O jogo começa. Eles passam a bola com facilidade uns aos outros e por cima da rede. Elas atrapalham-se na confusão de ter gente demais em campo e algumas – normalmente as mais baixinhas – nem chegam a tocar na bola. Ocasionalmente, quando uma atravessa o campo e embate no campo deles, entreolham-se e permitem que elas marquem um ponto.
Claro! Todos se riem. Estão bem-dispostos e divertidos. Elas também.
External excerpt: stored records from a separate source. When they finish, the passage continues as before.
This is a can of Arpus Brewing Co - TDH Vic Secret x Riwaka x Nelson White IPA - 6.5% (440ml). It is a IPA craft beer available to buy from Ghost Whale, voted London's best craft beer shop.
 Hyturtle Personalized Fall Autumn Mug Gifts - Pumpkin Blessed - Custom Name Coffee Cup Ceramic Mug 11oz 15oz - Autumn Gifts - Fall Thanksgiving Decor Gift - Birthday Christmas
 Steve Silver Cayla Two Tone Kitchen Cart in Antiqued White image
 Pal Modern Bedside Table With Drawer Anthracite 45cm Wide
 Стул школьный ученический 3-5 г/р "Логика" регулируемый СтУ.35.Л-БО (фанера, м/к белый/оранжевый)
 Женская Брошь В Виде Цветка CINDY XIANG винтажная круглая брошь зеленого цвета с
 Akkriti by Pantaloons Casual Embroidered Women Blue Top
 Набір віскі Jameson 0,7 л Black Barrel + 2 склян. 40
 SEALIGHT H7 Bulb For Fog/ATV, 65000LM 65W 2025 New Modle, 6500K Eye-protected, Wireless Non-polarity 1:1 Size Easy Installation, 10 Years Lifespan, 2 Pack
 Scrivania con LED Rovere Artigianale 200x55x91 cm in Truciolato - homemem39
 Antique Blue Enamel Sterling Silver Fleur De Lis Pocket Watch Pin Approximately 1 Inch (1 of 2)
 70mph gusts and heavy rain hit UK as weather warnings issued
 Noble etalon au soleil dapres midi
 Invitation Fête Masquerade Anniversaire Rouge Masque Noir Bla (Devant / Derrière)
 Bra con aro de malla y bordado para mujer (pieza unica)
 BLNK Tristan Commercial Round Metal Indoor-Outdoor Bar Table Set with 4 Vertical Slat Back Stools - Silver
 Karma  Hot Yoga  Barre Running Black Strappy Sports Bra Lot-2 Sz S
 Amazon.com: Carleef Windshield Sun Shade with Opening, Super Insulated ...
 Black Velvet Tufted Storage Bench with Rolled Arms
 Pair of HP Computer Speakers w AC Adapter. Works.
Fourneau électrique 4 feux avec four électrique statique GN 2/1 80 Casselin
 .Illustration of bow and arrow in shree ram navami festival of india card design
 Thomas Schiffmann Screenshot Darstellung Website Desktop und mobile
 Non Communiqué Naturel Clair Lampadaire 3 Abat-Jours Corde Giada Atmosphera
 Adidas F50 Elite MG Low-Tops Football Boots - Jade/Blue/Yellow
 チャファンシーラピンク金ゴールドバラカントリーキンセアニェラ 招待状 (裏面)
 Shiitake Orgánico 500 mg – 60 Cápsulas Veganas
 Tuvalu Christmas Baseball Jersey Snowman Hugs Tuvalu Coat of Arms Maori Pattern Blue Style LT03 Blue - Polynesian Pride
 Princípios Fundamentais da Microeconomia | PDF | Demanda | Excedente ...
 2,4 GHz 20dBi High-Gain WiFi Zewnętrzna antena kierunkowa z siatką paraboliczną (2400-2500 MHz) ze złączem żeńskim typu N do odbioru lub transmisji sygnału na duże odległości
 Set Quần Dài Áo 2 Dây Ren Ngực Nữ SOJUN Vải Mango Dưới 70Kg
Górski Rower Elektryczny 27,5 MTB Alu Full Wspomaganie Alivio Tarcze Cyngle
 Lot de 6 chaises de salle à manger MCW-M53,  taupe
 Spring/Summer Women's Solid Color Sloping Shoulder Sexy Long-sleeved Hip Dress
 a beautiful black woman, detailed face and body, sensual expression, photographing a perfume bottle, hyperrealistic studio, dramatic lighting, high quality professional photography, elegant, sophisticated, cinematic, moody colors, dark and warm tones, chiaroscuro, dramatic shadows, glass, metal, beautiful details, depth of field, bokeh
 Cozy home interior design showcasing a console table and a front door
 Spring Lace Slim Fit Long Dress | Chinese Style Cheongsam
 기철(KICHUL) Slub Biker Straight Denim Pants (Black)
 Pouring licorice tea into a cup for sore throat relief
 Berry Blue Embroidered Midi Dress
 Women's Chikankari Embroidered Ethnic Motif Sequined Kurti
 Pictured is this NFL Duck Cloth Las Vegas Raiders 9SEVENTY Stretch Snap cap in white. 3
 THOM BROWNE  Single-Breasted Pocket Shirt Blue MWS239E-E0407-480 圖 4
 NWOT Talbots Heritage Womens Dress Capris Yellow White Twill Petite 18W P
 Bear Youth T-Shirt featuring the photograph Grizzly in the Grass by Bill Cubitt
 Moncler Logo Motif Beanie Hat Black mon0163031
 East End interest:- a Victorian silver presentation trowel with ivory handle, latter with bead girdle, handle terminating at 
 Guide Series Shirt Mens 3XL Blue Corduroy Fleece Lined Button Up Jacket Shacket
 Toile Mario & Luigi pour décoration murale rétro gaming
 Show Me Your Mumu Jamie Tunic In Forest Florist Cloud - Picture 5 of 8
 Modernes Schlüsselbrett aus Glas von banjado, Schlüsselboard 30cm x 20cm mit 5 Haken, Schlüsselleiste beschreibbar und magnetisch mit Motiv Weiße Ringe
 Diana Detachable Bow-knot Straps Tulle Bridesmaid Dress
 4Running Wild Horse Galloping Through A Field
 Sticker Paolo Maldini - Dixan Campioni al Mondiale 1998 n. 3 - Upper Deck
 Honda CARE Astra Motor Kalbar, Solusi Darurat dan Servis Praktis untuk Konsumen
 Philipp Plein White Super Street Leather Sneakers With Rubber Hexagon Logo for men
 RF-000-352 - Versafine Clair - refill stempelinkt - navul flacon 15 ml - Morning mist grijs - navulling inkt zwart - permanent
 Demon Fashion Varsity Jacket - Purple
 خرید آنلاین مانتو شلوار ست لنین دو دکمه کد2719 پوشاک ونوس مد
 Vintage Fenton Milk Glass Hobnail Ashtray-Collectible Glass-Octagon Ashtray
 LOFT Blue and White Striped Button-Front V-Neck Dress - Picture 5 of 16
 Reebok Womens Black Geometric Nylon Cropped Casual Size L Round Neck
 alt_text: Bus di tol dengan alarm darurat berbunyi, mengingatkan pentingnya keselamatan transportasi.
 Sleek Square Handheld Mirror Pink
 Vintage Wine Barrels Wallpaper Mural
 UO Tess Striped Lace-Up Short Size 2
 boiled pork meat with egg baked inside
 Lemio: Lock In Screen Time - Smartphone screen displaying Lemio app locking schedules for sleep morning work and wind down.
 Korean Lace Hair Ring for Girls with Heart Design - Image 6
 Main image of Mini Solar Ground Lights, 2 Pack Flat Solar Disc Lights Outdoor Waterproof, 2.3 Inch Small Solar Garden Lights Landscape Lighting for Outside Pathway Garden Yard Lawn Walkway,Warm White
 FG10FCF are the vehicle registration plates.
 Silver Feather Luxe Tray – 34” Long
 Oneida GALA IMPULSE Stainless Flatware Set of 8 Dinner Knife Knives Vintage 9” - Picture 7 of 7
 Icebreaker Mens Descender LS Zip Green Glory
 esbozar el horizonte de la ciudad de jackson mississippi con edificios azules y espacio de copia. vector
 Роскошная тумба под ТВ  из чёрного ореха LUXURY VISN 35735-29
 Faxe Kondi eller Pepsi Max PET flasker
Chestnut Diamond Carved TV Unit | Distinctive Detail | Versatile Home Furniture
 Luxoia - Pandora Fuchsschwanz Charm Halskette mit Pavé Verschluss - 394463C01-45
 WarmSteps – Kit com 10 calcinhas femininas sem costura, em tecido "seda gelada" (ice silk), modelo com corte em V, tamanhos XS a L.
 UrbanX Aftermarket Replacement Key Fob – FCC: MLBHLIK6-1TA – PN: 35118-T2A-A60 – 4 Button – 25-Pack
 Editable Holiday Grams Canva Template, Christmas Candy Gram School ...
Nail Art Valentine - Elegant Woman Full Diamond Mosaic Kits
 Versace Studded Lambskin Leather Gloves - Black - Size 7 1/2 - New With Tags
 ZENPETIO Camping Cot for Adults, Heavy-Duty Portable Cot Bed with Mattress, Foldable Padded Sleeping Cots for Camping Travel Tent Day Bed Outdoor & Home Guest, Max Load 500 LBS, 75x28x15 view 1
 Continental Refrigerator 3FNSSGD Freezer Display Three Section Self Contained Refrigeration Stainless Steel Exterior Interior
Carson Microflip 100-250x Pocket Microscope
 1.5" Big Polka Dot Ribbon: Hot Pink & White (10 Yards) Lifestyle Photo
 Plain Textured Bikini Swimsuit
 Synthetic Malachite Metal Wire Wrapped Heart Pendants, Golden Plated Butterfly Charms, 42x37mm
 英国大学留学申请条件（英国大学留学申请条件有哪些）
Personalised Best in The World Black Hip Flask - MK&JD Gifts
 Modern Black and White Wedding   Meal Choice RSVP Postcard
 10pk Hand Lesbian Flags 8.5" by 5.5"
Tento pensar, dentro dos meus calções de ganga e t-shirt oversize preta - nada contra o bikini que tenho por baixo, mas as nortadas portuguesas transformam frequentemente a praia numa experiência de crioconservação! – que estou a ser demasiado crítica.
Penso-o assim: Eles estão a divertir-se, por que raio é que isto me incomoda tanto? Estou a ser demasiado crítica. E estou. Raios! Não faz de mim nada boa pessoa, pois não? Irrito-me comigo própria. Mas, depois, penso melhor. Não é o jogo que me irrita, mas a metáfora. Irrita-me que se equilibre o jogo da vida quotidiana com estratégias que não dão qualquer vantagem à mulher, servindo apenas para dar argumentos aos homens. Como assim, estás em desvantagem? Vocês eram mais e até vos permiti regras mais suaves? A falta de espaço para agir, a falta de altura para competir, a falta de força e de experiência... nada disso é olhado. As falsas vantagens cobrem a desvantagem óbvia com uma capa de condescendência. Como a mulher que tem sorte em ficar em casa com os filhos porque o pobre do marido trabalha. E o sonho dela que se lixe. Como a mulher que trabalha na empresa X e até chega ao cargo que ambicionava. E as horas extra, o esforço extra, invisível. Como a mulher que caminha na rua, vestindo o que lhe apetece. E os riscos que corre, que se ignorem.
Uma vez perguntaram-me se o feminismo ainda era necessário. E eu respondi: cada vez mais. Ainda não sabia que o mundo iria para onde, atualmente, está a ir, e já o dizia. Hoje, não ser feminista, é ser conivente com um sistema no qual a mulher é aniquilada por estratégias diretas e indiretas. Diria uma grande amiga: é um mundo de homens que odeiam as mulheres. Eu acrescento, porque nasci com jeito para a advocacia de belzebu... com exceções, felizmente!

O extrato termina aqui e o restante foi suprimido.